Future studies are needed to explore grassland degradation and its driving forces at multi-scales. Field experiments should be conducted to understand the vegetation and soil characteristics of degradation intensity gradients (Zhou et al. 2008; Zuo et al. 2008, 2009; Jing et al. 2014; Zhao et al. 2014) and to evaluate the impacts of climate change and human activities (especially overgrazing) on grassland degradation (Zhang et al. 2004; Retzer 2006; Li et al. 2011). Relevant work may also provide theoretical support for scientifically selecting the reference site of degradation. Additionally, a system for monitoring grassland degradation dynamics should be constructed with the help of remote sensing, geographic information system (GIS), and global positioning system (GPS) technology.
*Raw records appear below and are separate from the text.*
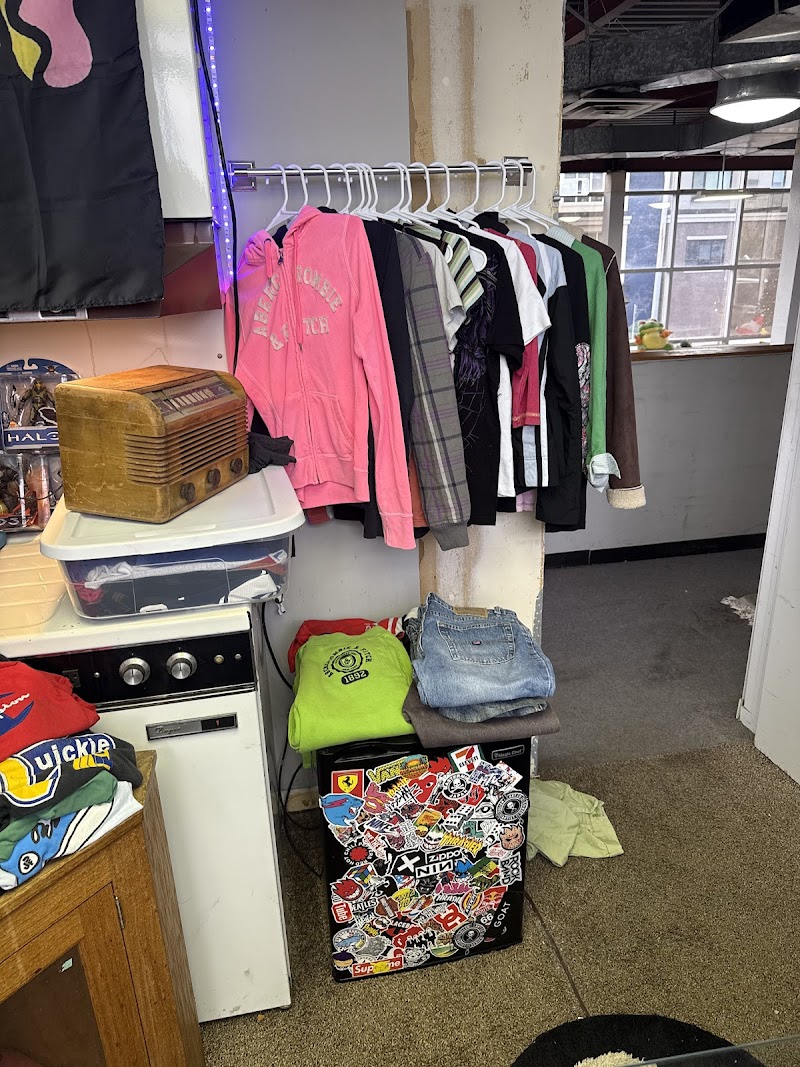 Ryan’s Racks Vintage Clothing photo 2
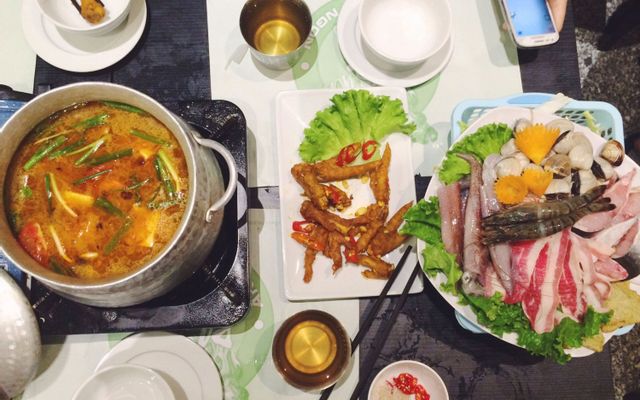 Lạp Sườn Tươi Nướng Hồng Kông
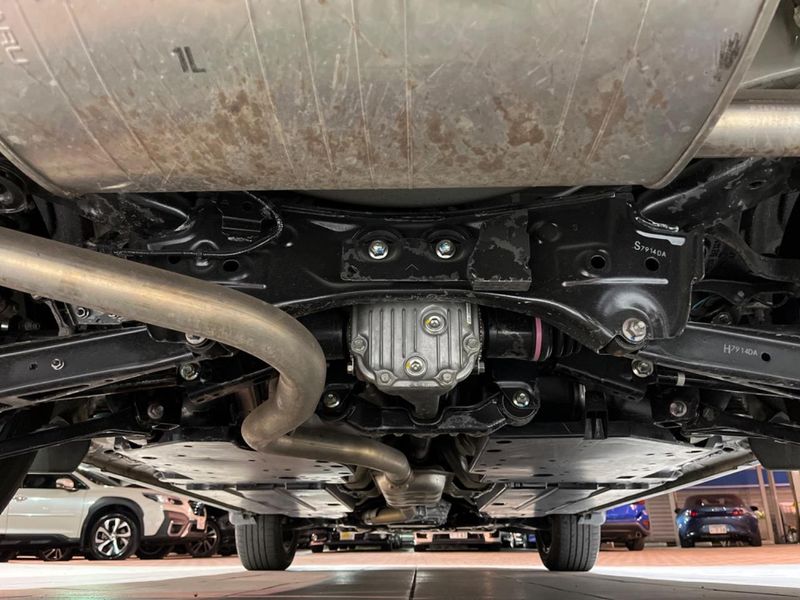 2017 Subaru XV DBA-GT7 (UW-6a0a81ff697f9)[15]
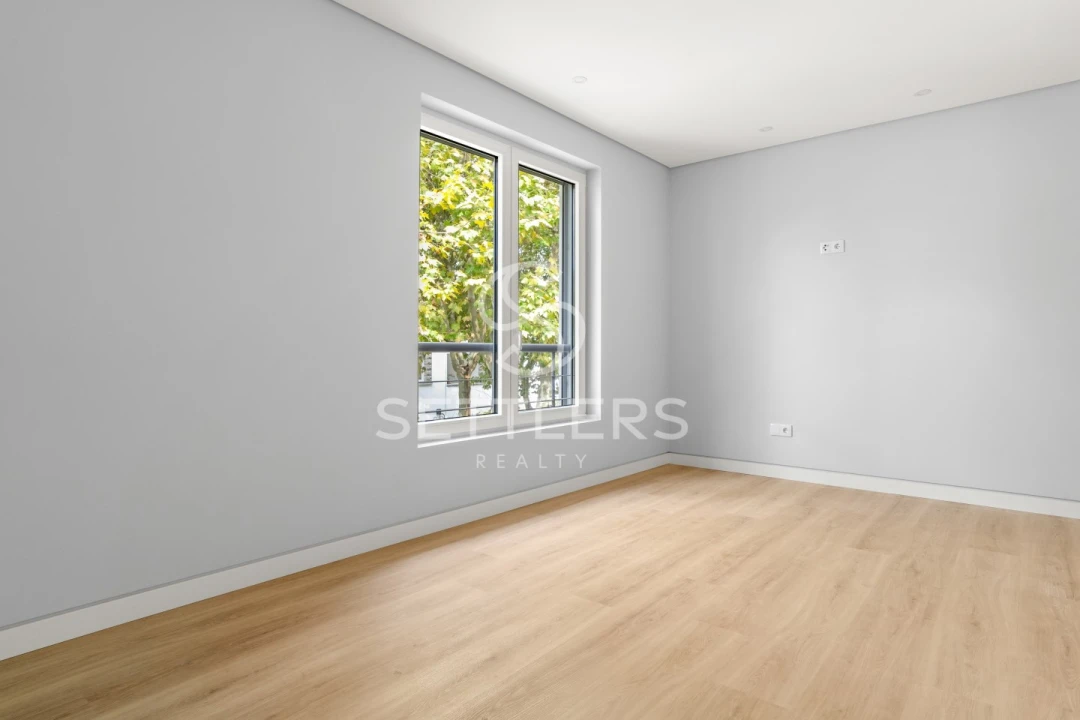 Apartamento T3 para Venda em Carcavelos e Parede Foto 20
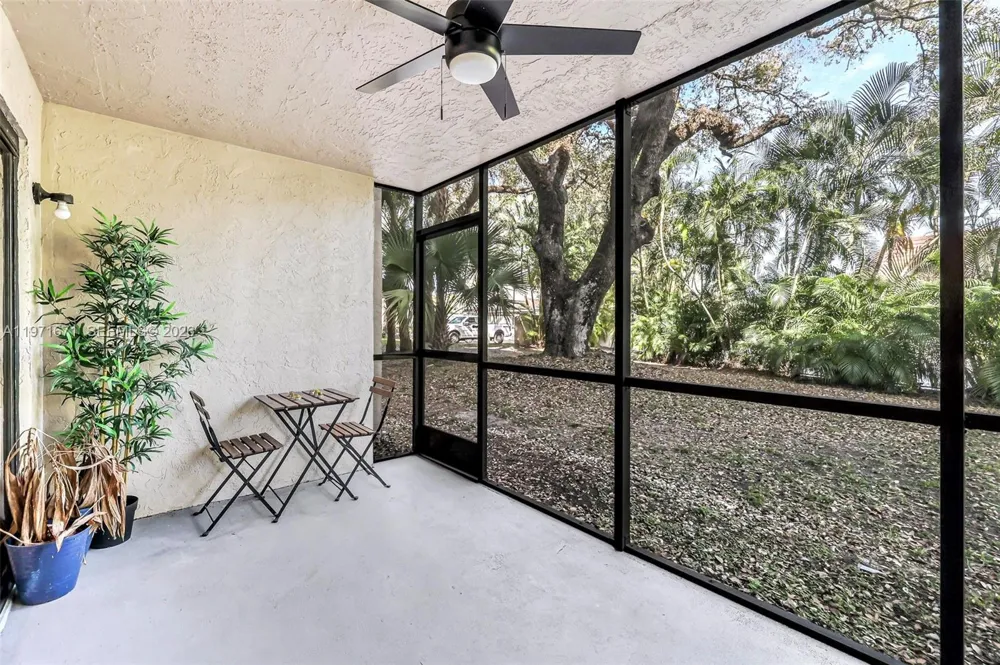 601 Ives Dairy Rd #00 Miami, FL 33179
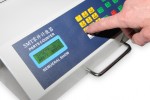Počítačka súčiastok YS-802 s pripojením barcode čítačky a tlačiarne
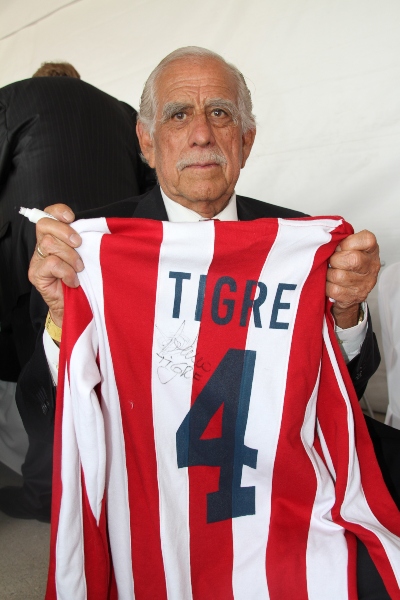 Guillermo 'Tigre' Sepúlveda con la playera de Chivas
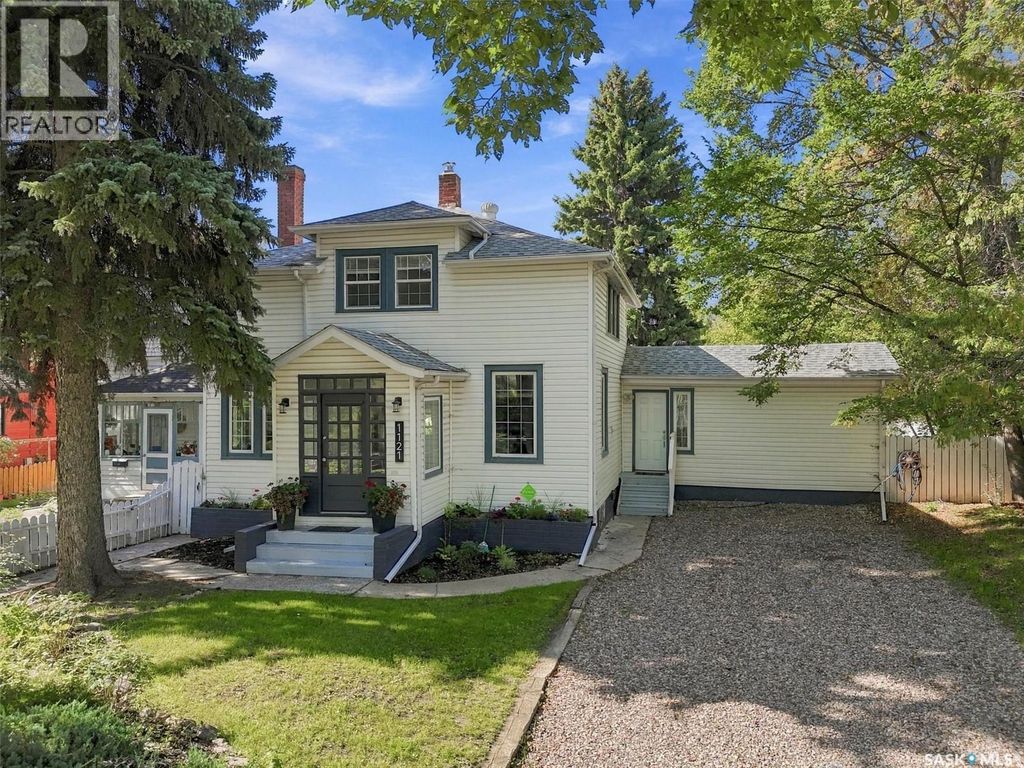 1121 B Avenue N, Saskatoon
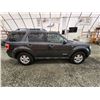Image 11 : PARKSVILLE - 2008 FORD ESCAPE, BLACK, 274294 KMS, FOUR WHEEL DRIVE. - PA93596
The spatial heterogeneity of driving factors of grassland degradation at different scales will be better understood by combining multi-resolution remotely sensed data (e.g., Landsat TM/ETM+, MODIS, SPOT-VGT, NOAA/AVHRR), GIS, and GPS (Hope et al. 2003; Tong et al. 2004; Zhao et al. 2012). Based on these approaches, an appropriate strategy for grassland management could be developed, making a contribution to sustainable utilization.

Conclusions

This study investigated the spatial variation in climatic and human-induced factors driving grassland degradation in the Liao River Basin. The evaluation based on statistical and meteorological data demonstrated that the RESTREND method is an effective and reliable tool to help identify the driving factors of grassland degradation in semiarid and semihumid landscapes. Increasing grazing pressure, along with wetting and cooling climate, indicated that human activities were the major reason for grassland degradation in the Horqin Sandy Land. Cooling and drying climate is unfavorable for the growth of grasses and has been driving grassland degradation in the Kungl prairie. Both of these results based on other data are consistent with those of the RESTREND method.

This study found that the area of the Liao River Basin with the most significant degradation trend from 1999 to 2009 was approximately 2449 km2. Most of the degraded grassland areas were located in the Kungl Prairie and Otindag Sandy Land, the upstream region of the Xilamulun River and the downstream region of the Xinkai River, and the midstream region of the Xiliao River in the Horqin Sandy Land. Climate change was found to be the sole driver of grassland degradation in an area of 1387 km2, whereas human activities were responsible for driving the degradation of 1062 km2 of grassland. Furthermore, the two drivers and their strength varied greatly across space. Climate-driven degradation was found mainly in the western Kungl Prairie, while human-driven degradation was found primarily in the central basin area of the Horqin Sandy Land. Climate and human activities contributed equally to the degradation in the Otindag Sandy Land. The degraded grasslands in the arid and semiarid region were driven mainly by climate change, while those in the semihumid region were attributable to human activities. The degradation in the plains and the hilly regions was dominated by human activities, while that in the mountains and plateaus was related to climate change.

Therefore, different measures should be taken in areas with different driving factors to tackle the degradation problem effectively. Livestock fencing and determining the livestock carrying capacity based on the condition of the grass may be appropriate for restoring the grasslands in the regions with human-driven degradation, such as the Horqin area with lower altitude. For the regions of climate-driven degradation, such as the Kungl Prairie with higher altitude and drier climate, irrigation and the introduction of drought-resistant grasses that are more adaptive to the changed climate may be used to maintain the local prosperity of grasses and sustain regional socioeconomic development.